Today I came across some words from a book I read a couple of years ago called The Road to Character by David Brooks that helped me process the questions from Worsley's quest into sharper focus. He has a compilation in the back of the book that he titles the Humility Code - a list of qualities he gleaned from the various persons he profiled in the book. These qualities address some big questions that I feel are also addressed, at least obliquely, by Grann's examination of Henry Worsley: Toward what should I orient my life? How do I mold my nature to make it gradually better day by day? Brooks has a robust list of fifteen qualities, yet it is the last one that grabs me still the most:
Maturity is not based on talent or any of the mental or physical gifts that help you ace an IQ test or run fast or move gracefully. It is not comparative. It is earned not by being better than other people at something, but by being better than you used to be. It is earned by being dependable in times of testing, straight in times of temptation. Maturity does not glitter. It is not built on the traits that make people celebrities. A mature person possesses a settled unity of purpose. The mature person has moved from fragmentation to centeredness, has achieved a state in which the restlessness is over, the confusion about the meaning and purpose of life is calmed. The mature person can make decisions without relying on the negative and positive reactions from admirers or detractors because the mature person has steady criteria to determine what is right. That person has said a multitude of noes for the sake of a few overwhelming yeses.
People have asked me what I call the work I do, and to keep it brief, I've decided to call it "leadership development." That's the short answer.
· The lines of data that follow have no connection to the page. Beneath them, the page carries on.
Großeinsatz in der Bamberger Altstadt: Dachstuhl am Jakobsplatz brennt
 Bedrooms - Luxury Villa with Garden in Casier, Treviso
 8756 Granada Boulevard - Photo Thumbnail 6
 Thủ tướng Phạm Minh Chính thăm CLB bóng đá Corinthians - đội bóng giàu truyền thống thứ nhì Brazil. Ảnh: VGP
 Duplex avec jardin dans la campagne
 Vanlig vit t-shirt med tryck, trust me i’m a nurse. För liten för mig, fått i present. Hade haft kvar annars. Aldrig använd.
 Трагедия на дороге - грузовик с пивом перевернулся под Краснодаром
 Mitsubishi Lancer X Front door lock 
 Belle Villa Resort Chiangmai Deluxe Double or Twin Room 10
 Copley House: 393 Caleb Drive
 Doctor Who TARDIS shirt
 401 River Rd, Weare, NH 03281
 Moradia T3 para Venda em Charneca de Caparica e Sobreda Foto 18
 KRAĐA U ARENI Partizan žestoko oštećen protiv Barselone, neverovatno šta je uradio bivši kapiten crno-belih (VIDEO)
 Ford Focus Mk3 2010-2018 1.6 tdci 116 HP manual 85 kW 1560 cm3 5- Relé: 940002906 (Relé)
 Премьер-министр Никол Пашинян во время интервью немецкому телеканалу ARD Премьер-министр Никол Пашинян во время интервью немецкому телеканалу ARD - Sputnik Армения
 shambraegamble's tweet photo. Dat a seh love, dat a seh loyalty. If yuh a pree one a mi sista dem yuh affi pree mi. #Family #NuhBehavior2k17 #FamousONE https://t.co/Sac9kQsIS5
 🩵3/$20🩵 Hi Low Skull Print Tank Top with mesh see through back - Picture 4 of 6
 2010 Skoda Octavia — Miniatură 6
But if I have more time, or the person keeps probing, I try to venture into the territory described here -- I like to walk with people as they seek to mature. We cannot force people to do this. But if they decide to step out into the "white darkness" of life itself, it's nice to have a buddy. I'm so grateful for the privilege of getting to do that with many people over the years, and yet some days, it feels like I'm just getting started. As Worsley quoted, “Always a little further.”